Here is the shape of a Kubernetes log query server I actually built after the namespace incident:

from kubernetes import client, config
from mcp.server.fastmcp import FastMCP

mcp = FastMCP("k8s-logs")
config.load_kube_config()
v1 = client.CoreV1Api()

@mcp.tool()
async def get_pod_logs(
    pod_name: str,
    namespace: str = "default",
    tail_lines: int = 100,
) -> str:
    """Get recent logs from a Kubernetes pod."""
    try:
        logs = v1.read_namespaced_pod_log(
            name=pod_name,
            namespace=namespace,
            tail_lines=tail_lines,
        )
        return logs
    except client.exceptions.ApiException as e:
        return f"Kubernetes API error: {e.status}: {e.reason}"
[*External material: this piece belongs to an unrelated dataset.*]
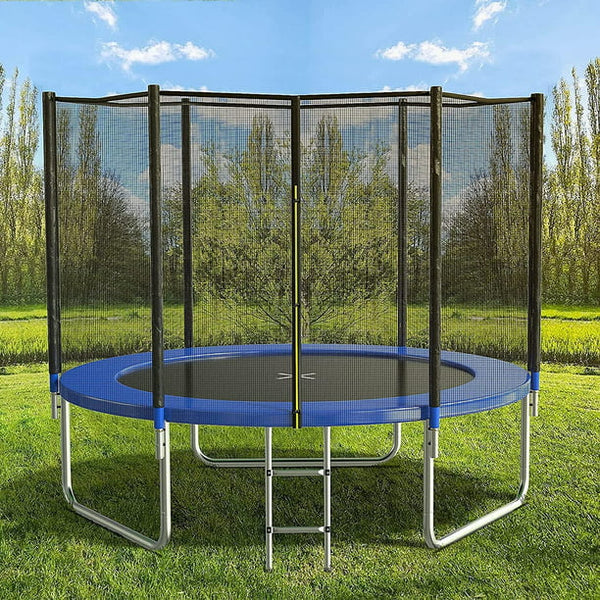 HONGGE 10 FT Trampoline with Safe Enclosure Net 680 lbs Outdoor Fitness Trampoline with Waterproof Jump Mat Ladder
if __name__ == "__main__":
    mcp.run(transport="stdio")

This is read-only, scoped to logs, and fails cleanly. That is the baseline for any tool I would let an agent use. I run this on my homelab now. The agent can ask about logs but it cannot delete anything.

My Implementation Path

If I were starting from scratch today, I would do this:

Build one read-only MCP server for observability.
Connect it to an agent and ask natural language questions about infrastructure.
Add one reversible action with human approval.
Run that for a month and measure outcomes.
Only then consider expanding autonomy.

The temptation is to automate everything at once. The safe path is to prove one narrow capability at a time. I know because I tried the fast path first. It cost me a namespace and a Sunday.

What I Actually Run Now

On my homelab cluster, I run three MCP servers:

k8s-logs: Read-only log queries. The agent uses this daily.
k8s-metrics: Read-only Prometheus queries. The agent uses this for context.
k8s-safe-restart: Pod restart with a confirmation gate. The agent has used this twice in three months. Both times I approved it manually.

I do not run a write-capable MCP server yet. The gap between “read-only” and “can restart pods” is smaller than the gap between “can restart pods” and “can edit deployments.” I am taking my time crossing that second gap.

What I Learned About Prompts

The namespace incident was not just about tool scope. It was about prompt ambiguity. I said “clean up the old monitoring namespace” and the agent picked the wrong one because I had two monitoring-related namespaces and did not specify which.

Now I write prompts like this:

Cluster: homelab-k3s
Namespace: production-apps
Task: Check logs for the pod named api-gateway-7d9f4b2c1-x5k9p
Constraints: Read-only. Do not restart, delete, or modify anything.

The constraints line is non-negotiable. Even with MCP servers, I add it because the agent might suggest something outside the tool scope and I want to be explicit.

Conclusion

Agentic DevOps is not about removing humans. It is about giving humans better tools. MCP servers make that possible by defining clear boundaries between what an agent can see, what it can do, and what needs human judgment.

Start small, read-only, supervised. Increase autonomy only after the agent proves it deserves it. I learned this the hard way so you do not have to.

The namespace I lost was not production. It was my homelab monitoring stack. I rebuilt it in a few hours. If it had been production customer data, I would be writing a very different post.